Wassili Pensai, chef d’exploitation : « Les symptômes de tassement ont presque disparu et la fertilité s’améliore. »

Toutes les machines sont désormais équipées d’un système de guidage qui leur permet de se suivre exactement les voies prétracées saison après saison, sur chaque intervention culturale. La méthode est déployée sur les 15 000 ha de l’exploitation. En outre, l’utilisation de pneus larges et basse pression contribue à limiter la contrainte durant les opérations.

La méthode est déployée sur l’exploitation depuis quatre ans déjà. Entre temps, les voies de circulation ont gagné en portance et se sont quasiment muées en chemins ordinaires qui peuvent être empruntés sans problème après la pluie. Travail du sol, semis ou pulvérisation… les largeurs des matériels doivent être compatibles avec l’écartement des traces, en l’occurrence ici, 36 m pour les plus larges.

Améliorations

Comme toute méthode, cette approche « raisonnée » de la circulation a ses avantages et ses inconvénients. « Nos voies de circulation présentent un écart de 36 mètres. Les semoirs et les cultivateurs ont une largeur de travail de 12 mètres », explique Wassili Pensai. « Nous disposons donc de voies principales et de voies additionnelles, qui ont elles aussi été compactées au fil des ans, même si dans ce cas le tassement est négligeable. À ces endroits nous remarquons néanmoins un affaissement du sol. Nous réfléchissons à rajouter un passage d’outil sur ces bandes de circulation pour les ameublir. »

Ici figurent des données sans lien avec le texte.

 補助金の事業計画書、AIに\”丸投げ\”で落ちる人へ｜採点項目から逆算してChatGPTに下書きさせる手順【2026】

Autre aspect : la configuration des machines. Plus l’écartement des roues est important, plus la pression exercée par le véhicule sur le sol est faible. « Dès le début, nous avons décidé que l’écart entre les roues devait s’élever à trois mètres, ce qui correspond à la largeur de nos voies de circulation », explique le chef d’exploitation.

Le CTF est utilisé depuis quatre ans sur l’exploitation. Les voies sont désormais très portantes et peuvent être empruntés sans problème après la pluie.

Des avantages concrets

Celui-​ci peut témoigner d’une amélioration constante de la qualité du sol dans les zones qui ne sont jamais empruntées. « Bientôt les symptômes de tassement auront disparu. La fertilité s’améliore en conséquence », explique Wassili Pensai. « Moins il y a de forces appliquées sur le sol, plus sa vie microbienne se restaure rapidement. »

Des analyses de sol sont conduites chaque année sur l’exploitation. Parmi les indicateurs recherchés se trouvent l’augmentation des lixiviats, une structure plus meuble, l’amélioration de la capacité germinative dans le sol. Autre valeur de référence, la plus importante : la stabilité des rendements.

« Les résultats confirment que nous sommes sur la bonne voie : la qualité de notre sol s’améliore continuellement », déclare Wassili Pensai. Les sols de l’exploitation sont des tchernozioms. « Sur les quatre dernières années, les rendements ont graduellement augmenté. Les coûts liés au travail du sol ont baissé d’environ 15-20 %. »

Travail réduit du sol

Avant de passer au CTF, l’exploitation avait expérimenté avec des techniques sans labour, dans un but d’économie d’intrants. « Cela a fonctionné dans certains cas, et pas dans d’autres », rapporte Wassili Pensai. « Cet état d’esprit nous a poussé vers le travail simplifié du sol. » Une philosophie que l’exploitation continue à mettre en œuvre aujourd’hui. « Cependant, il est impossible de dire si continuerons à semer en direct, ou bien si nous aurons de nouveau recours à la charrue à l’avenir. Au final, en agriculture il faut aller avec son temps. »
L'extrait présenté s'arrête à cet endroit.